I have a container running Watchtower and it checks once a week for any updated images so I can go through and update whatever needs updating myself. IIRC there's an option to have it automatically update stuff but I don't know nearly enough yet to be comfortable with that - If something is going to break let me break it myself so I can troubleshoot it haha.
I use Portainer as a GUI docker management system, and in regards to updating I can just hit a "Recreate" button and select "re-pull image" to update them. As long as you have the containers tied to persistent data folders it just pulls the latest image and ""re-installs"" it per your docker-compose file and everything is just as you left it.
I think there's a misunderstanding. In the docker-compose.yml, you specify services, and these services can use the official container images. The only thing the docker-compose actually does is define your services so you don't have to specify them each time starting a container.

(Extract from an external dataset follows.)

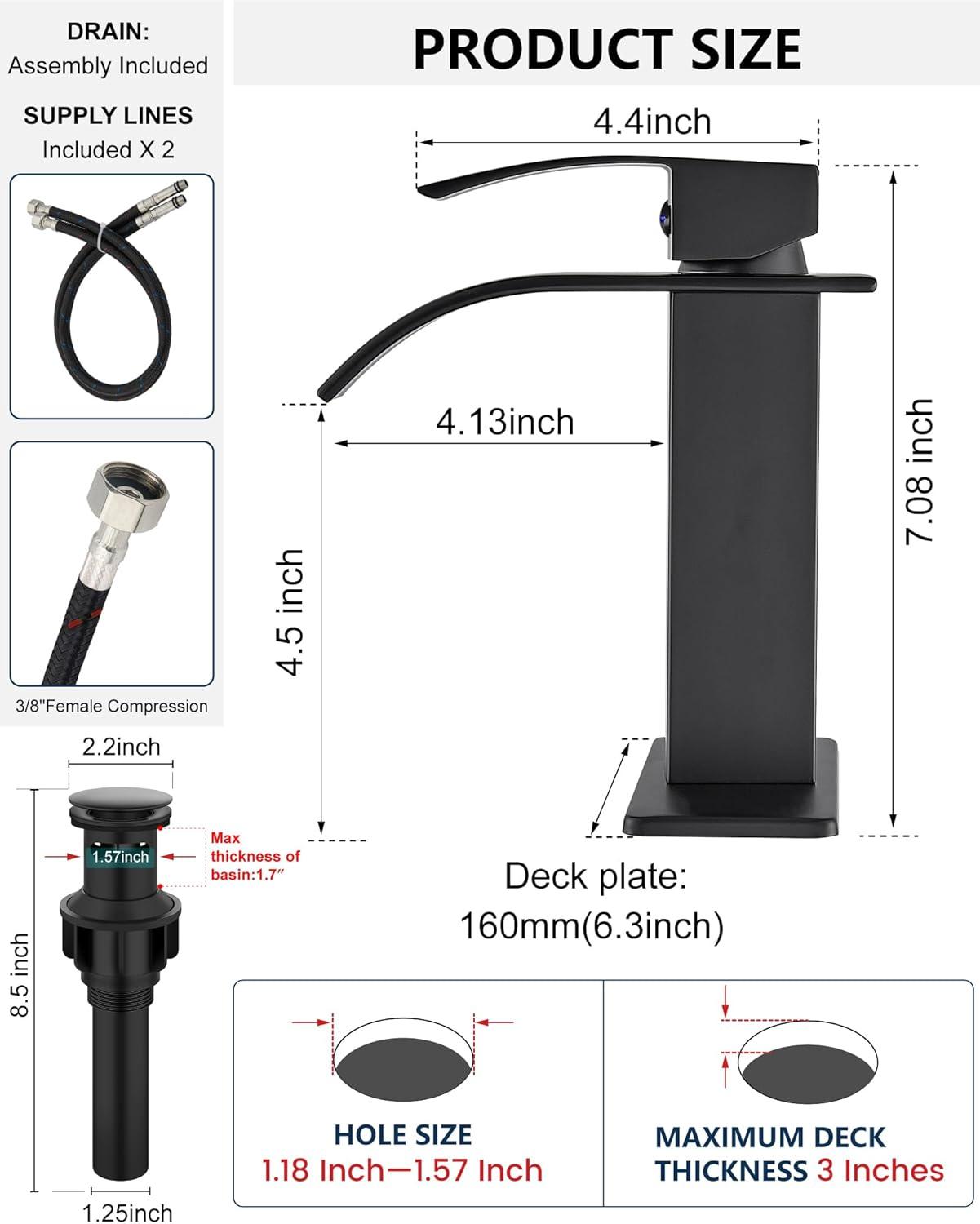 Single-Hole Single-handle Bathroom Faucet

My understanding is docker-compose is just a glorified installation file where you can install multiple containers and configure their interoperability/file systems/other config stuff, whereas images are the actual installation files for that specific container.
IE I can run a docker-compose to install App X, mariadb, and (IDK some third thing) at one time, but using images I'd have to install App X, THEN mariadb, THEN mysterious third thing, haven't had enough coffee lol.
I don't know yet how much time I will or won't spend on Lemmy, but I'm happy to lend a hand if needed. I've been on moderation teams a number of times over the years on various platforms so it's no big deal to me.
Hey I'm in a similar boat. Unsure of total time available, but hey I seem to spend enough on Reddit so I may have more free time than I realise ಠ_ಠ Happy to help out
I'm on a week long ban from Reddit anyway for checks notes "abusing the report feature" directly after the message saying that they agreed the linked report was in fact against TOS and actionable. haha.
"Yes, that comment WAS against the rules, but like could you stop asking us to do our jobs please?"
You can run it from an image without docker-compose but I'd recommend looking into docker-compose if you're not already familiar with it. @CannaVet has the idea right that it's just a powerful installation file and can automate your docker management process rather well if you're using it a lot.
You can build a container from an image but it's obviously more hands-on. Lemmy may have additional dependencies they include in the compose file that may not be present in the image source. but starting with something like
Docker Compose is just a tool to elegantly lay out containers in a stack. It's not a replacement for containers and images. If you need the image names themselves for use outside of compose like in a NAS GUI setting, they would be in the compose file.
Won’t be long before you discover sonarr, radarr, overseerr, prowlarr etc and realise you need docker containers and maybe proxmox and it just goes on.
It’s great fun to tinker, come back in a couple of months and tell us what you’ve set up.